Action item: Please return the listing below exactly, without any of its pictures.

Data below:

────────────────

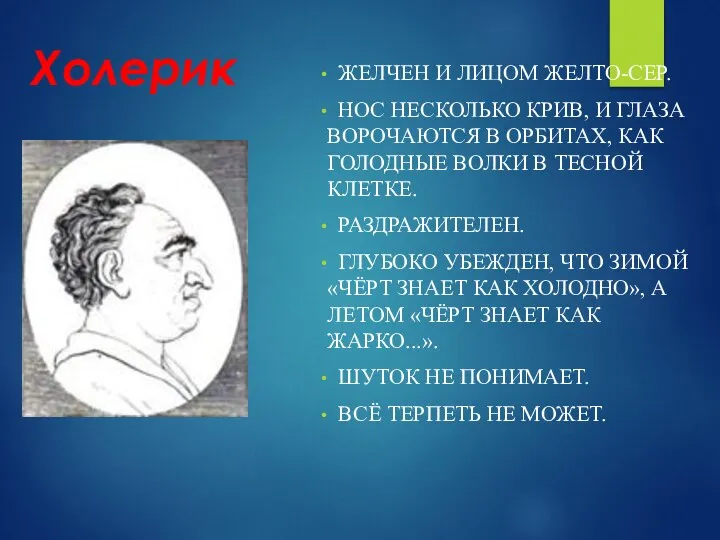 Холерик ЖЕЛЧЕН И ЛИЦОМ ЖЕЛТО-СЕР. НОС НЕСКОЛЬКО КРИВ, И ГЛАЗА ВОРОЧАЮТСЯ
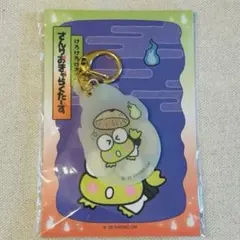 どろろん夜光アクリルキーホルダー けろけろけろっぴ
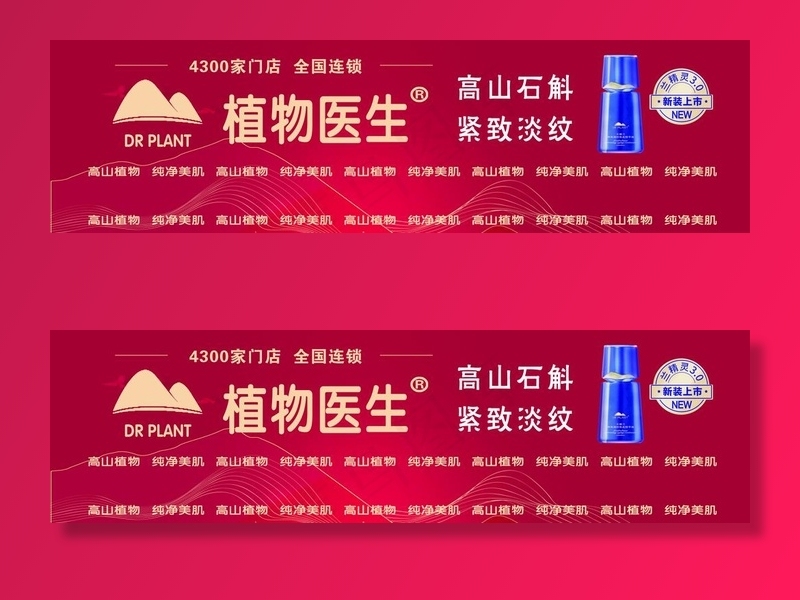 植物医生图片(8957x2756)psd模版下载
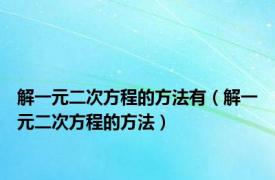 解一元二次方程的方法有（解一元二次方程的方法）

────────────────

Your response:
 Холерик ЖЕЛЧЕН И ЛИЦОМ ЖЕЛТО-СЕР. НОС НЕСКОЛЬКО КРИВ, И ГЛАЗА ВОРОЧАЮТСЯ
 どろろん夜光アクリルキーホルダー けろけろけろっぴ
 植物医生图片(8957x2756)psd模版下载
 解一元二次方程的方法有（解一元二次方程的方法）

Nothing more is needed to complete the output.